If files is a string, it will be used as a directory name for glob (matching all *.wav, *.flac, and *.spx files). There’s currently no re-try on http error.
PsychoPy provides lossless compression using FLAC codec. (This requires that flac is installed on your computer. It is not included with PsychoPy by default, but you can download for free from http://xiph.org/flac/ ). Functions for file-oriented Discrete Fourier Transform and RMS computation are also provided.
Lossless compression: convert .wav file (on disk) to .flac format.
If path is a directory name, convert all .wav files in the directory.
keep to retain the original .wav file(s), default True.
level is compression level: 0 is fastest but larger, 8 is slightly smaller but much slower.
Uncompress: convert .flac file (on disk) to .wav format (new file).
If path is a directory name, convert all .flac files in the directory.
keep to retain the original .flac file(s), default True.

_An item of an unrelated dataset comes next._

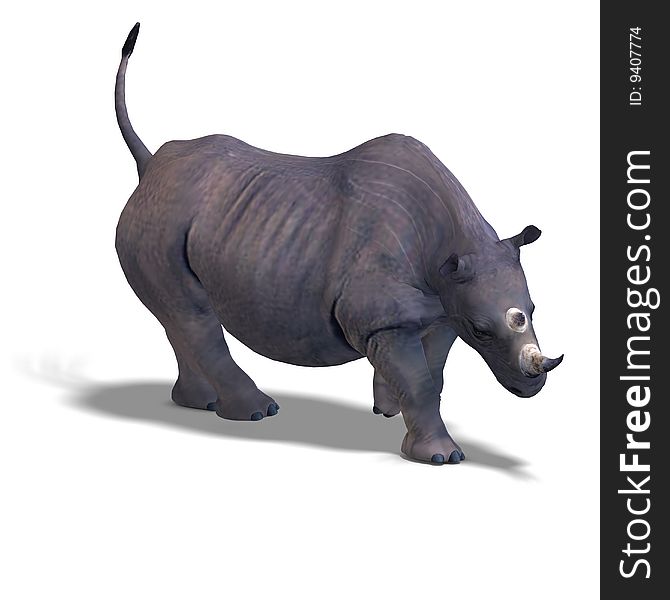 Rendering of a Rhinoceros with clipping path over white. Rendering of a Rhinoceros with clipping path over white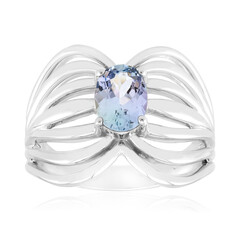 Zilveren ring met een Onverhitte Tanzaniet (Pallanova)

Compute and return magnitudes of numpy.fft.fft() of the data.
If given a sample rate (samples/sec), will return (magn, freq). If wantPhase is True, phase in radians is also returned (magn, freq, phase). data should have power-of-2 samples, or will be truncated.
Compute and return the audio power (“loudness”).
Uses numpy.std() as RMS. std() is same as RMS if the mean is 0, and .wav data should have a mean of 0. Returns an array if given stereo data (RMS computed within-channel).
data can be an array (1D, 2D) or filename; .wav format only. data from .wav files will be normalized to -1..+1 before RMS is computed.